On the far side of the ice, a player goes down. Somebody crows with laughter while he kicks his legs in the air like a turtle on its back.

Carbondale’s Evan Cree, a member of the formidable “Team Orange,” which took the championship title last year, is getting ready for his game to start. He pulls black knee pads up under his khaki pants.

“I’m not getting hurt again,” he says, shaking his head. “I want to mountain bike this summer.”

Cree, like many other broomball players, has dealt with injuries that have sidelined him from pursuing other recreational activities that he enjoys. It seems that, broomball players are far too competitive to let their weaknesses keep them from getting out on the ice.

“I screwed up my elbow,” says goalie Craig Fowler. “Last week it was my hip. Sometimes it’s just the ego.”

Despite the nagging bruises and occasional ball to the face, there haven’t actually been any serious injuries in the past two years.

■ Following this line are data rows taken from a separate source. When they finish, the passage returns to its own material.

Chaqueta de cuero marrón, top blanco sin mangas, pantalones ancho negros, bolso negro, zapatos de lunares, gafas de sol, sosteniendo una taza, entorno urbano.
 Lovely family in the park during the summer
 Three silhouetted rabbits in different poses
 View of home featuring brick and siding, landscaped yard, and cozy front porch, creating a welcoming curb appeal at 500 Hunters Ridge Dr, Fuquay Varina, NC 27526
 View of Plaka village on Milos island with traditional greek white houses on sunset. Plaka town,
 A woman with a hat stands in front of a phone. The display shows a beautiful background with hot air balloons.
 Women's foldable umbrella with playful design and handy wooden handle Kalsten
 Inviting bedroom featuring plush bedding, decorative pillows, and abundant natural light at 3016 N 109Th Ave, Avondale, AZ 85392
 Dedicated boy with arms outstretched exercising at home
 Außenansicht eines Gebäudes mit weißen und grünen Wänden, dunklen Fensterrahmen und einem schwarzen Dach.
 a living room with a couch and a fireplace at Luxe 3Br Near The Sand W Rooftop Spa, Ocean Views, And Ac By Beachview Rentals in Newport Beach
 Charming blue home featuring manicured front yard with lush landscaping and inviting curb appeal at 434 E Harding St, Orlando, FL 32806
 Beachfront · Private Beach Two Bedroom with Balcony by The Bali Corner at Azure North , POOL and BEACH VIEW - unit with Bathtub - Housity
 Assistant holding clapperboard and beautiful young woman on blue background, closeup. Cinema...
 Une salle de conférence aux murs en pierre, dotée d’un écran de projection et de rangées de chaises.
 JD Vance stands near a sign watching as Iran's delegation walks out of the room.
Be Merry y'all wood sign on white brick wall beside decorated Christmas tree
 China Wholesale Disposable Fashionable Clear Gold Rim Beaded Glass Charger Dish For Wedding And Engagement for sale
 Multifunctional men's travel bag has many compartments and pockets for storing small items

“It’s a silly game, when you think about it,” says Bill Kirkland, the league’s organizer. “You’re running around on ice. By all means, hockey is safer than broomball, because you’ve got skates to keep you upright.” But the best thing, in his opinion, is the community aspect. “It brings everyone together, and everyone’s relaxing and having fun.”

Carbondale local Maria Wimmer has been playing for two years.

“You get to hang out and have a good time,” she says, “and it gets you out on those single-digit nights when you’d be at home otherwise.”

Games start on Wednesday and Friday nights at 7, 8 and 9. The community is welcome to gather around the fire to watch and cheer. Just watch out for errant balls.